Task item: The lines to return run from the start of the material below through the line holding "Toyvian 6pcs Miniature", both included; please give them back exactly, minus the pictures.

Data section:
++++
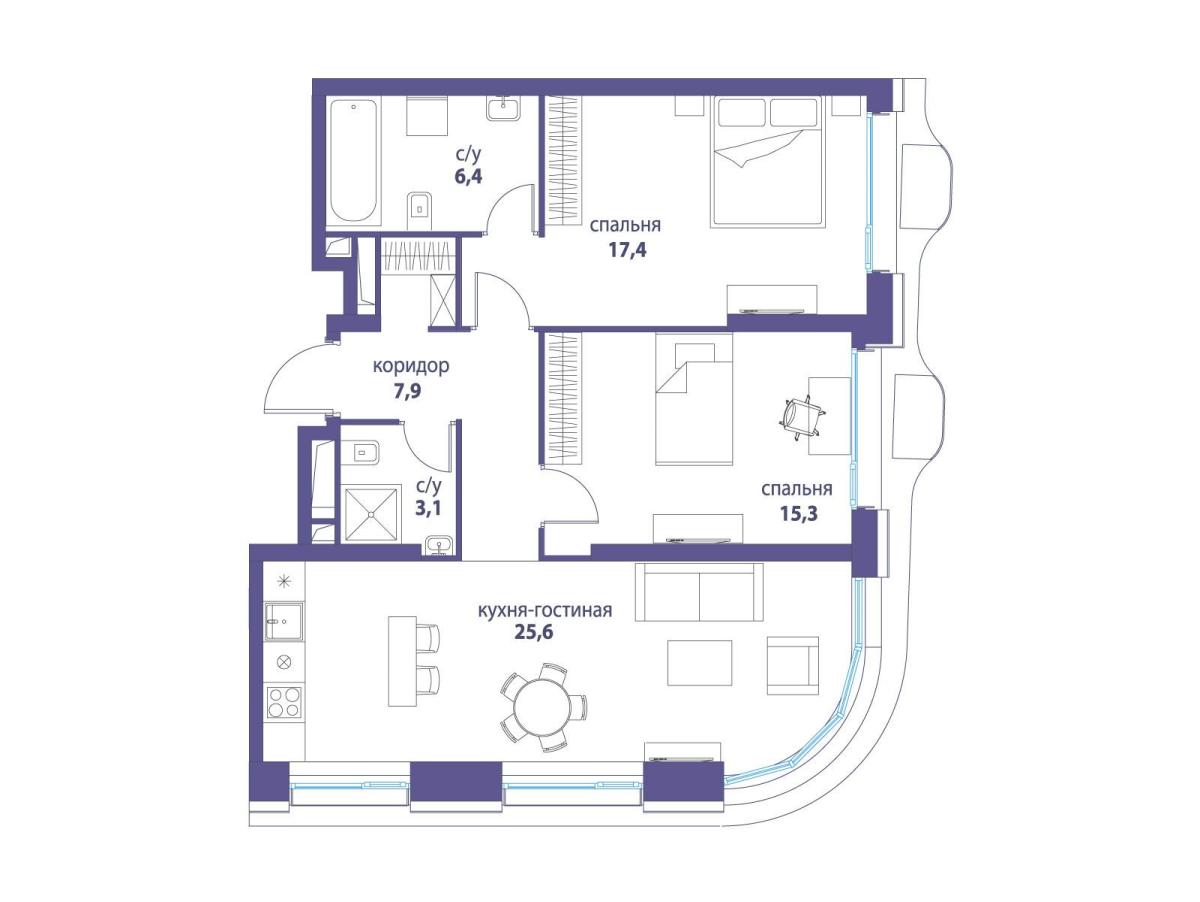 Планировка 2-комнатная квартира в ЖК "Символ"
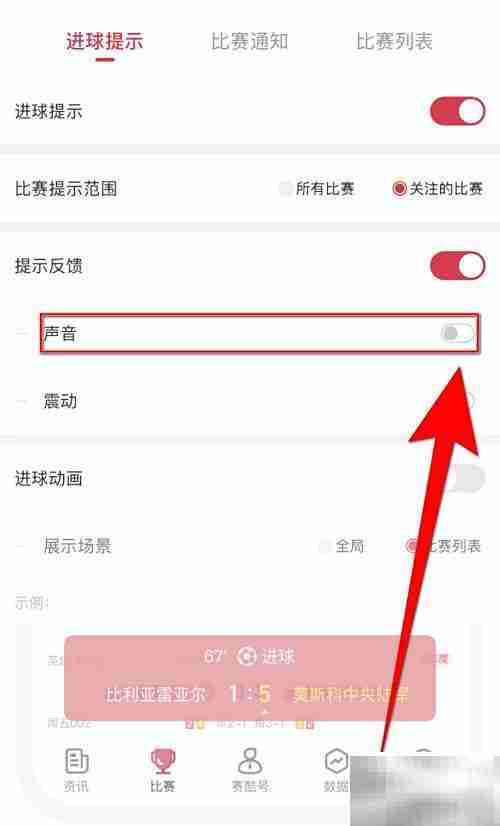 赛酷体育关闭声音提醒方法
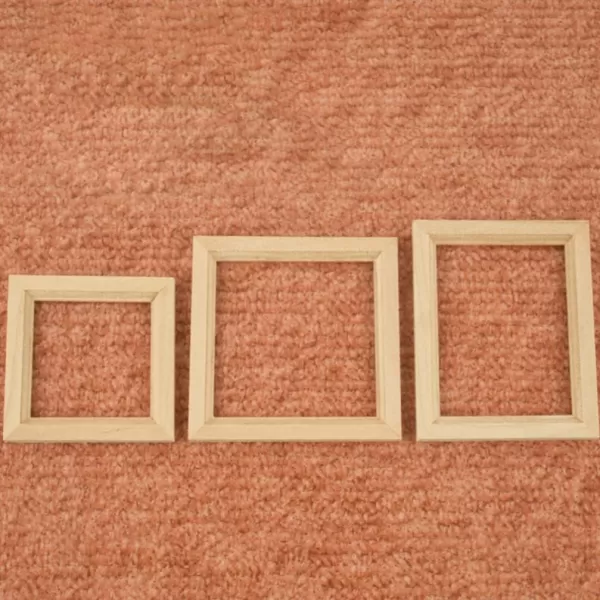 Toyvian 6pcs Miniature Photo Frame Dollhouse Wooden Photo Frame Mini Picture Frame for Dollhouse Bedroom Furniture Accessory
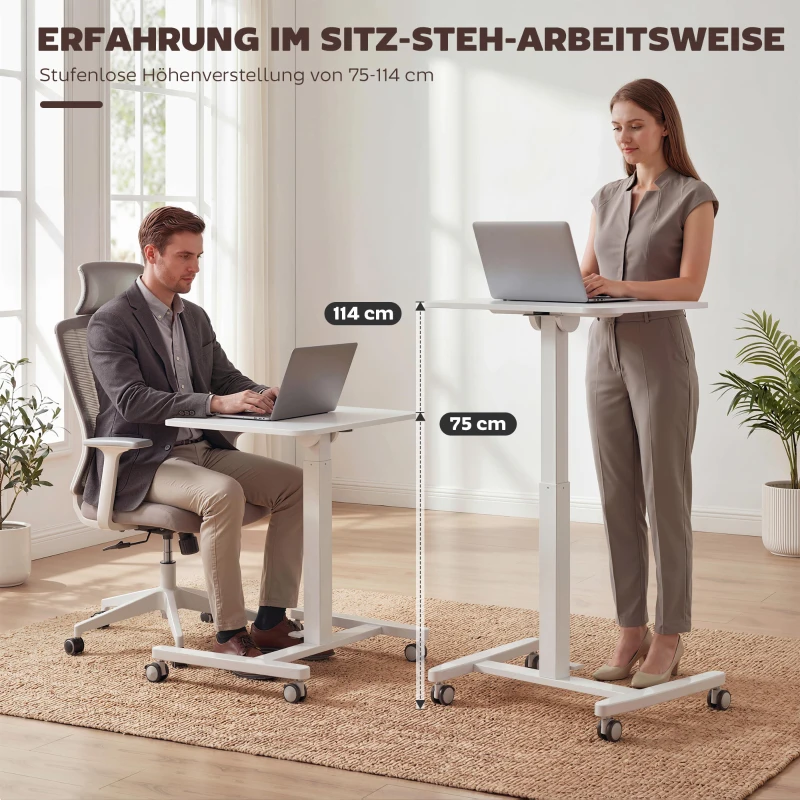 HOMCOM In hoogte verstelbaar zit-sta bureau, verrijdbaar bureau met kantelbaar tafelblad, veiligheidsstop, wielen, wit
++++
Exercise solution:
 Планировка 2-комнатная квартира в ЖК "Символ"
 赛酷体育关闭声音提醒方法
 Toyvian 6pcs Miniature Photo Frame Dollhouse Wooden Photo Frame Mini Picture Frame for Dollhouse Bedroom Furniture Accessory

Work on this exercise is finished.